That infrastructure is now under serious strain with pain being felt inside and outside government, at federal, state and local levels. Earlier this year, the social science research company SSRS conducted a survey of more than 500 users of federal statistical data across academia, nonprofit organizations, state and local governments and the private sector. The core question was "have changes to the federal statistical system impacted your ability to do your work?" The findings were resounding, with 93% of respondents reporting that changes to the federal statistical system since the start of 2025 have damaged their ability to do their work. It is quite likely staff inside the government are experiencing similar difficulties.

These respondents describe specific challenges. They report datasets have been taken offline without notice. Expected data publications have been delayed or canceled. Restricted-use data approvals that once took days are now taking months, if they happen at all. Staffing cuts at federal statistical agencies have hollowed out the technical assistance functions that helped users work with complex federal datasets. These stories are not just about citizens, they also represent real breakdowns in the informational infrastructure that federal agencies themselves also depend on to manage programs, respond to Congress and serve the public. These are not failings of politics, they are failings of policy.

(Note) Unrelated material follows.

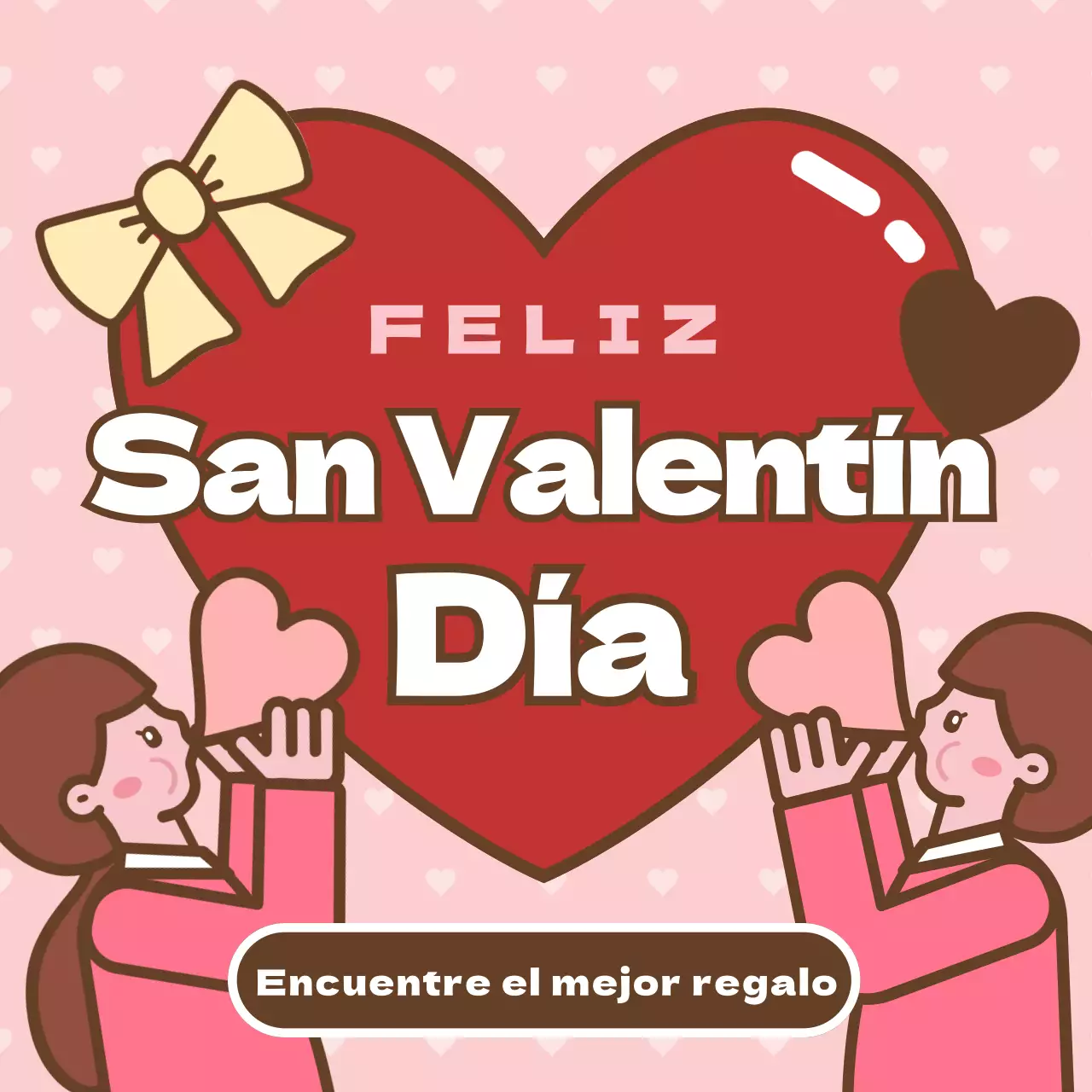 San Valentín con bonitas ilustraciones rosas y corazones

For federal leaders, the implications of not having earnest data policy cut in several directions.

The data crisis is a workforce crisis

Respondents to the survey were consistent on this point: the most immediate source of their difficulties is not missing datasets but missing people. When experienced staff depart, they take with them decades of applied knowledge about how data collections work, where the edge cases are and how to help users get reliable answers from complex products. One respondent described the situation plainly: institutional knowledge has been forever lost, and the data user community will suffer in ways that may not be fully known or even detectable. Agency leaders managing through the current period of workforce reduction should treat the departure of statistical expertise as a long-term operational risk, not just a position that can be filled in the next appropriation cycle.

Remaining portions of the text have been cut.